┌─ SUPPLIED INFORMATION

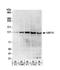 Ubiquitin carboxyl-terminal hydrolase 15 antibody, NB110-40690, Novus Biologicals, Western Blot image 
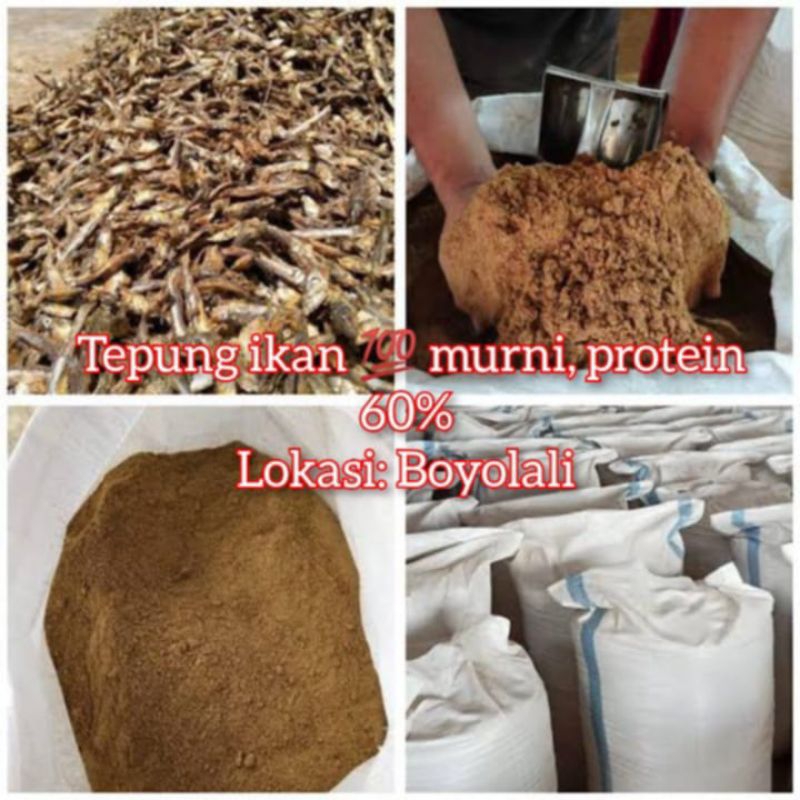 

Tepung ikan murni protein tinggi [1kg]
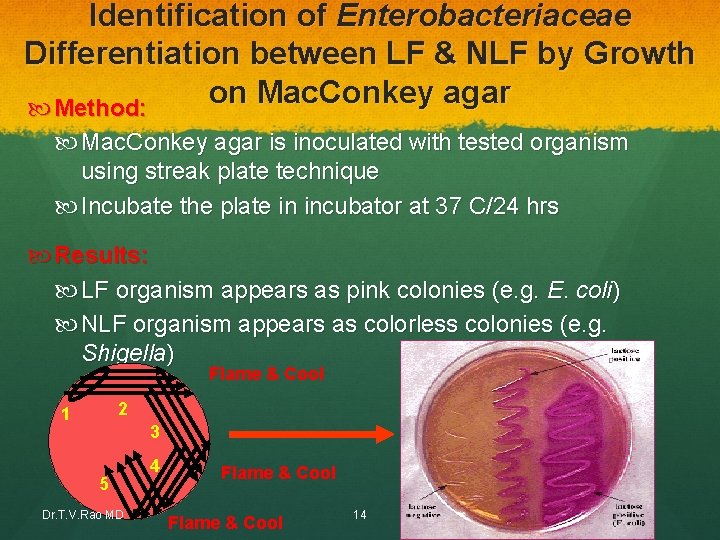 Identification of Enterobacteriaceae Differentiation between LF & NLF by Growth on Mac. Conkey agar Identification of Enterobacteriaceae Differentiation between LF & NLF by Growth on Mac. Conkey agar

└─

TRY IT: Leaving the images out, retype all the material above exactly.

RESPONSE FOR THIS EXERCISE:
 Ubiquitin carboxyl-terminal hydrolase 15 antibody, NB110-40690, Novus Biologicals, Western Blot image 

Tepung ikan murni protein tinggi [1kg]
 Identification of Enterobacteriaceae Differentiation between LF & NLF by Growth on Mac. Conkey agar Identification of Enterobacteriaceae Differentiation between LF & NLF by Growth on Mac. Conkey agar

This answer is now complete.